Categorical variables

df['sex'].describe()
count 120 unique 2 top Female freq 60 Name: sex, dtype: object
df['sex'].value_counts()
Female 60 Male 60 Name: sex, dtype: int64

Using both the describe() and value_counts() methods are useful since they compliment each other with the information returned. The describe() method says that "Female" occurs more than "Male" but one can see that is not the case since they both occur an equal amount.

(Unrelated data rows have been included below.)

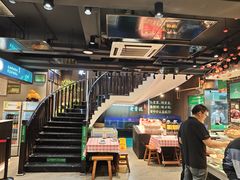 -曹家小菜(胜太路店)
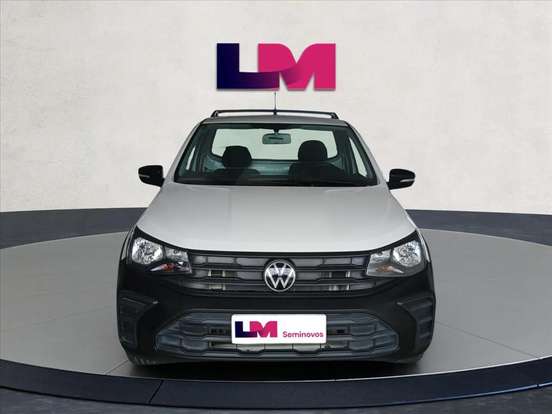 VOLKSWAGEN-SAVEIRO-1.6 MSI ROBUST CS 16V FLEX 2P MANUAL VOLKSWAGEN-SAVEIRO-2023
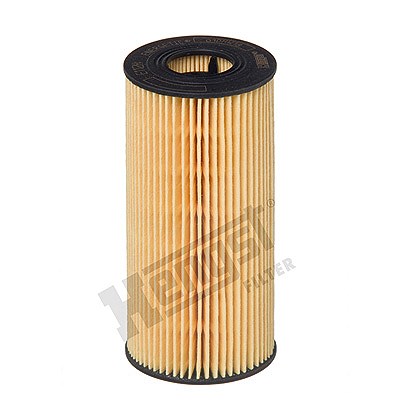 Hengst Filter Ölfilter [Hersteller-Nr. E112HD180] für Opel, Renault, Nissan von HENGST FILTER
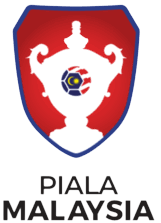 Malaysian Cup logo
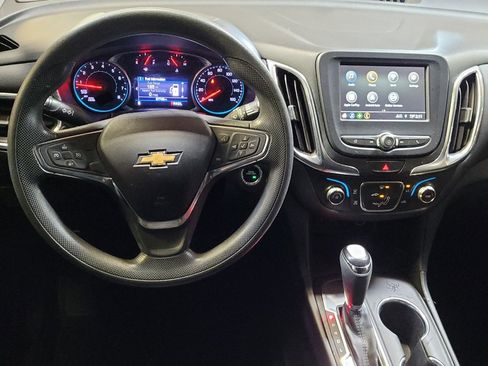Used 2019 Chevrolet Equinox LT FWD image 22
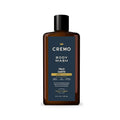 Cremo Body Wash for Men, Rich-Lathering Palo Santo, 16 Fl Oz (Pack of 12)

For more information about these methods, please see their official documentation page for describe() and value_counts().

Distribution measures

df['bp_before'].kurtosis()
-0.4385909267217518
df['bp_before'].skew()
0.5542441047738688

For more information on these methods, please see their official documentation page for kurtosis() and skew().

Researchpy

Continuous variables

rp.summary_cont(df['bp_before'])
Variable N Mean SD SE 95% Conf. Interval
0 bp_before 120.0 156.45 11.389845 1.039746 154.391199 158.508801

This method returns less overall information compared to the describe() method, but it does return more in-depth information regarding the mean. It returns the non-missing count, mean, stand deviation (SD). standard error (SE), and the 95% confidence interval.

Categorical variables

rp.summary_cat(df['sex'])
Variable Outcome Count Percent
0 sex Female 60 50.0
1 Male 60 50.0

The method returns the variable name, the non-missing count, and the percentage of each category of a variable. By default, the outcomes are sorted in descending order.

For more information about these methods, please see the official documentation for summary_cont() and summary_cont().

References

Ott, R. L., and Longnecker, M (2010). An introduction to statistical methods and data analysis. Belmon, CA: Brooks/Cole.